- [About this exercise]
Here the job is to print only the lines from the one containing "This designer turns" to the end of the entries, both included, exactly as they stand, with pictures excluded.

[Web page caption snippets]

::::

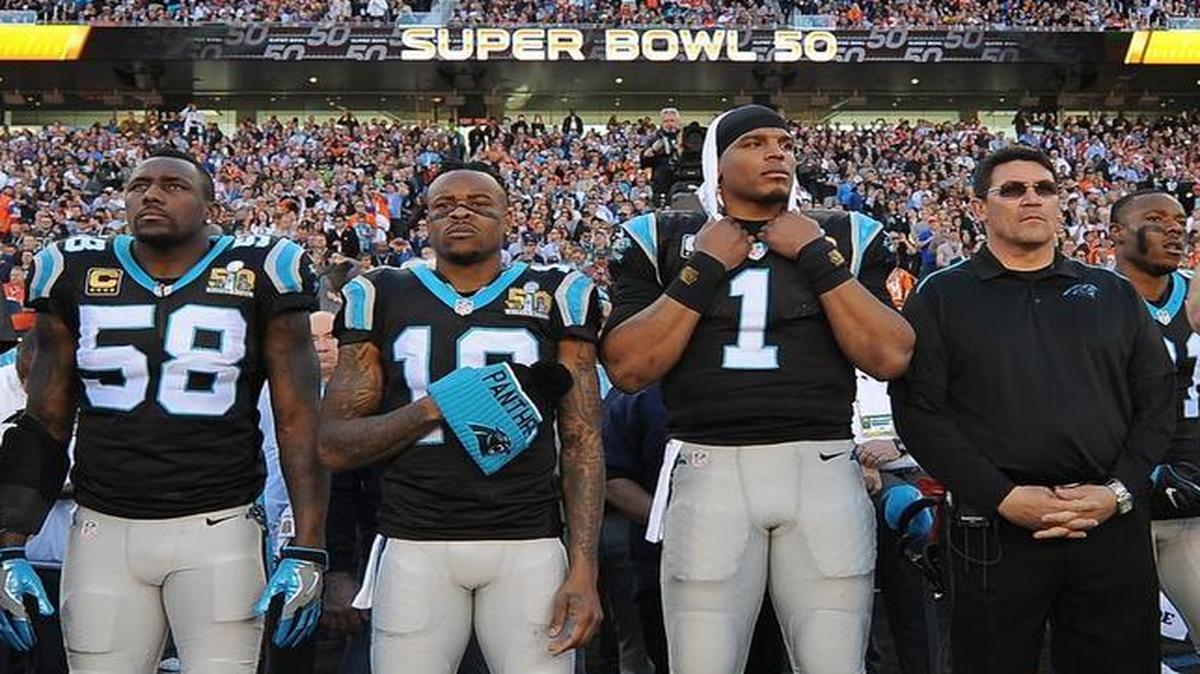 Shortly before Super Bowl 50, Panthers head coach Ron Rivera (right) and Cam Newton (1) stood together at the sideline just before the national anthem played.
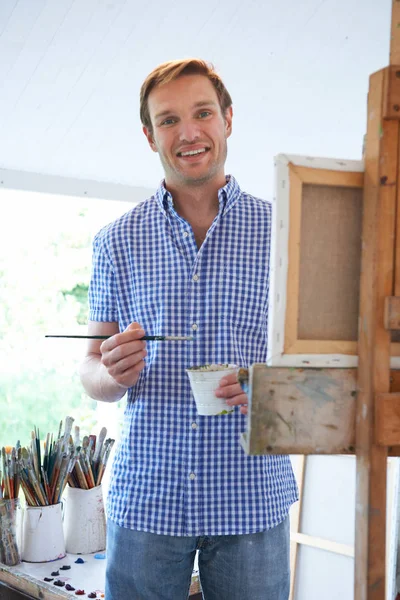 Portrait Of Male Artist Painting In Studio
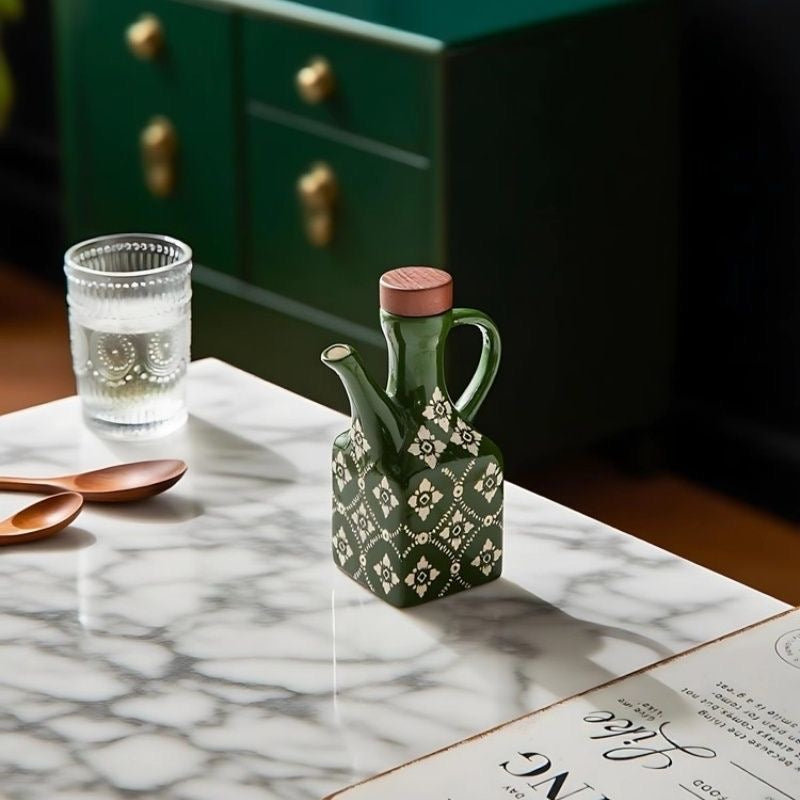 Lille grøn keramisk olivenolieflaske på et bord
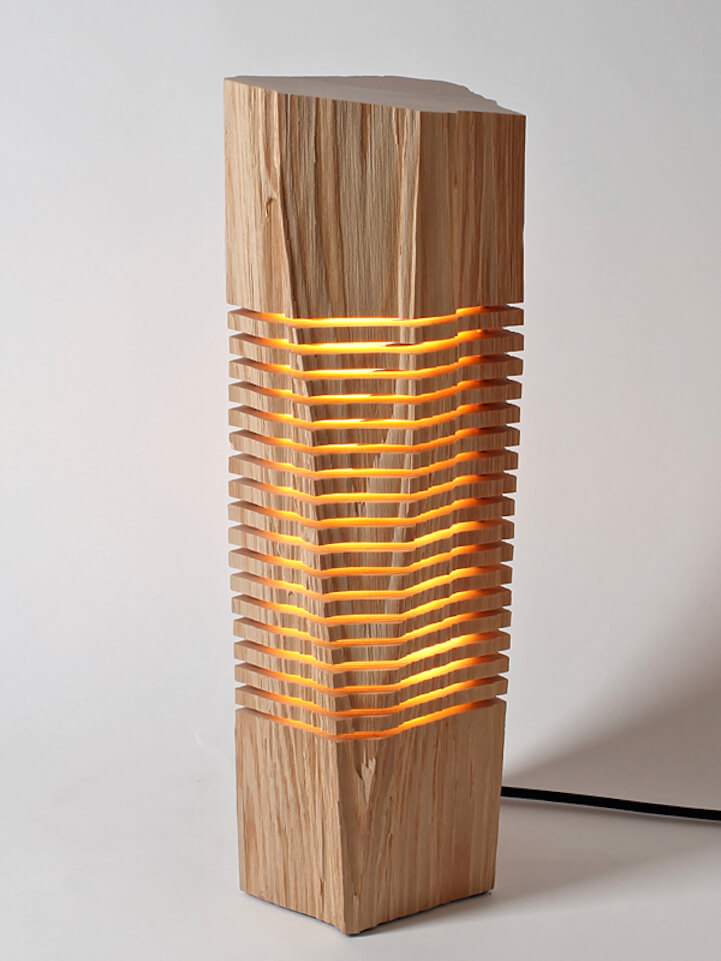 This designer turns firewood into beautiful lamps.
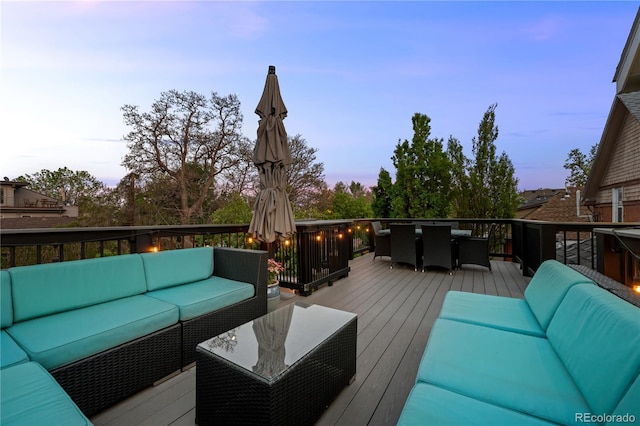 deck at dusk featuring an outdoor living space and outdoor dining area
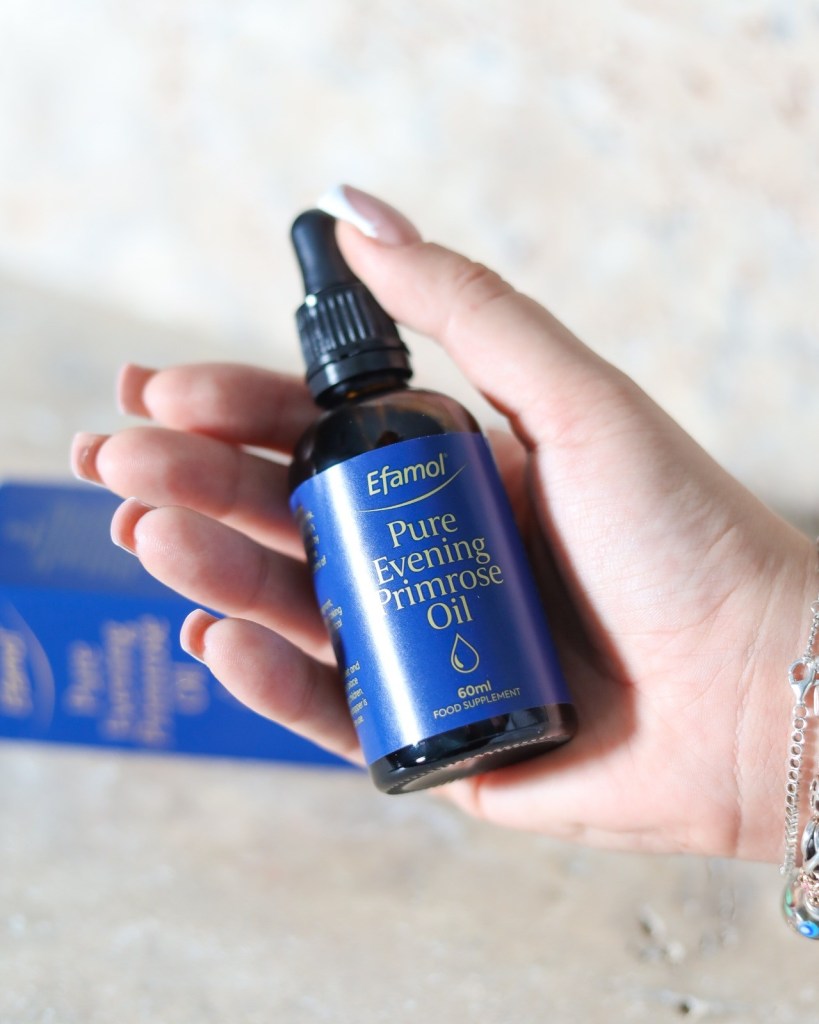 hand holding Efamolยฎ NEW Evening Primrose Oil Dropper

::::

- [Written response]
 This designer turns firewood into beautiful lamps.
 deck at dusk featuring an outdoor living space and outdoor dining area
 hand holding Efamolยฎ NEW Evening Primrose Oil Dropper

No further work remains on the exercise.